Presiden Direktur Bank CIMB Niaga Arwin Rasyid juga menyatakan keberatan atas kebijakan baru BI.Sebab, naiknya GWM akan berdampak ke biaya dana (cost of fund) perbankan.
”Dampaknya belum kita hitung,tapi yang jelas GWM naik berarti biaya juga naik dan mengurangi ekspansi kredit,”ujarnya.
Dia mengalkulasi,berdasarkan DPK semester I/2010 yang mencapai Rp104 triliun, maka perseroan harus menyetor GWM primer lagi sebesar Rp3,12 triliun ke BI,sehingga totalnya menjadi Rp8,32 triliun.
Kendati biaya bunga naik, lanjut Arwin,hal tersebut belum akan berdampak ke bunga kredit. Bahkan, dari segi LDR perseroan juga diperkirakan masih aman, yaitu di kisaran 85%.
Pendapat senada dilontarkan, Wakil Direktur Utama PT Bank Central Asia Tbk (BCA) Jahja Setiaatmadja, yang menilai kenaikan GWM berpotensi untuk menaikkan biaya-biaya (costs).
“Misalnya biaya dana dan biaya overhead untuk kompensasi kenaikan GWM tersebut,”ucapnya.
Menurut Jahja,pasar membaca kebijakan BI tersebut sebagai pengetatan likuiditas untuk memerangi ekspansi kredit perbankan yang LDR-nya sudah tinggi.Kebijakan ini juga dinilai bertujuan mendorong kredit pada 2011 oleh bank-bank yang LDR-nya tidak sesuai dengan ketentuan kisaran 78- 100%.Namun, kebijakan yang sejatinya untuk mendorong perbankan agar lebih ekspansif tersebut baru bisa berjalan efektif jika diiringi oleh ekspektasi inflasi yang sesuai.
“Asumsinya, inflasi pada awal tahun depan harus dapat dikendalikan dengan baik,”ujarnya.

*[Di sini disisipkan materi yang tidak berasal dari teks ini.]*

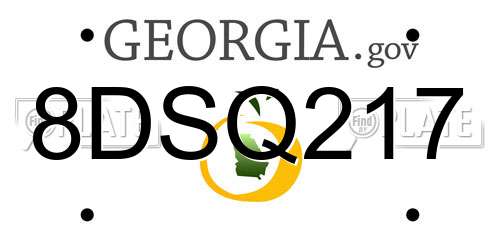 8DSQ217 Georgia License Plate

Saat ini LDR BCA sudah naik menjadi 51,4% dari sebelumnya 48,6%.Namun angka tersebut masih jauh dari ketentuan baru BI mengenai LDR yang berlaku mulai Maret tahun depan.

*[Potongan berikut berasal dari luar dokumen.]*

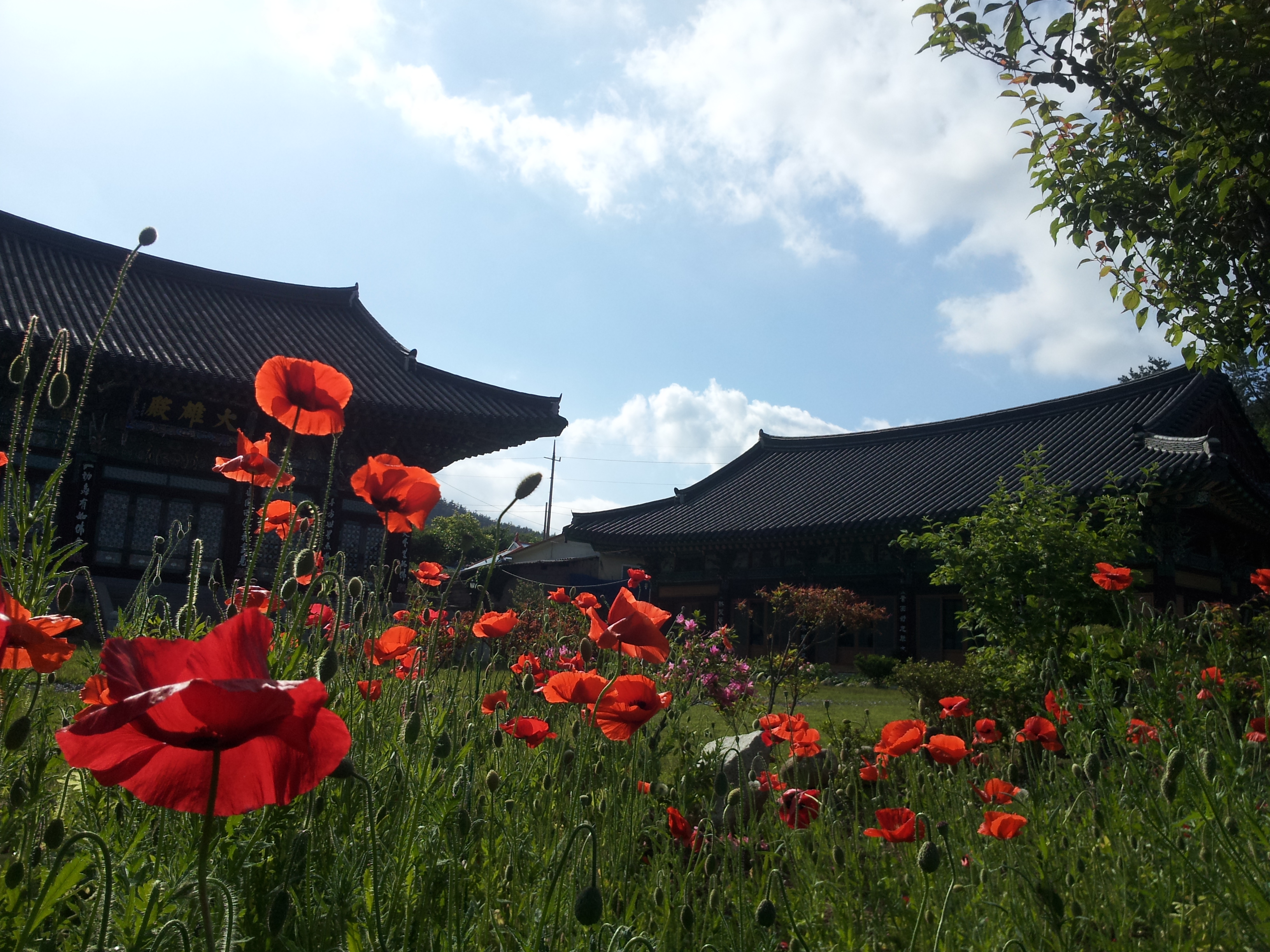 삼광사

”Kami mengaku kesulitan jika harus memenuhi rasio yang diinginkan BI.Pasalnya, kredit juga tidak bisa dipaksakan dan harus disalurkan secara hatihati,” kata Direktur Utama BCA DE Setijoso.
Sementara itu,Wakil Direktur Utama PT Bank Tabungan Negara Tbk (BTN) Evi Firmansyah berpendapat, peningkatan GWM dapat mendorong naik bunga kredit.

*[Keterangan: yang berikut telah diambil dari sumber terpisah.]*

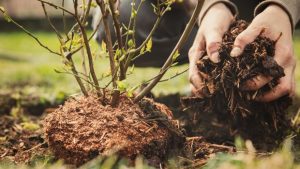female gardener planting a blueberry bush bark mulch in the hand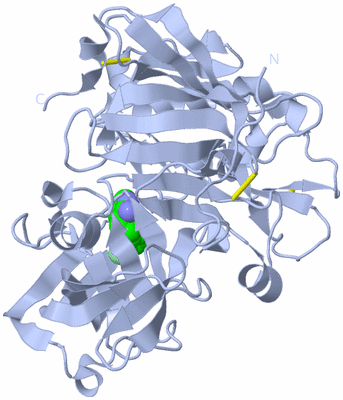 Image Biological Unit 2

“BI menjalankan strategi yang seolah-olah cukup cerdik untuk mengantisipasi inflasi dengan mempertahankan tingkat suku bunga acuan (BI Rate).Namun, di sisi lain menaikkan cost of fundperbankan nasional,”katanya.
Menurut Evi, dampak dari kenaikan GWM baru akan dirasakan secara efektif oleh perbankan pada 2011. Sebab, pada Desember 2010, seperti tren yang selalu berulang pada akhir tahun,volume bisnis umumnya selalu mengendur.
Kepala Ekonom Bank Mandiri Mirza Adityaswara setuju dengan langkah yang dilakukan BI, yaitu mempertahankan BI Rate dan meningkatkan GWM primer.BI sudah melihat perlunya dilakukan pengetatan moneter ketika inflasi dan impor mencapai sudah begitu tinggi.
“BI melakukannya (menahan inflasi) bukan secara langsung menaikkan suku bunga namun dengan menaikkan GWM,”tuturnya.
Kendati demikian, sambung Mirza,kebijakan itu juga memiliki dampak negatif yaitu perbankan akan meningkatkan biaya dana yang otomatis mendongkrak suku bunga kredit.
”Dampak kenaikan GWM adalah bunga yang juga akan naik,”tandasnya.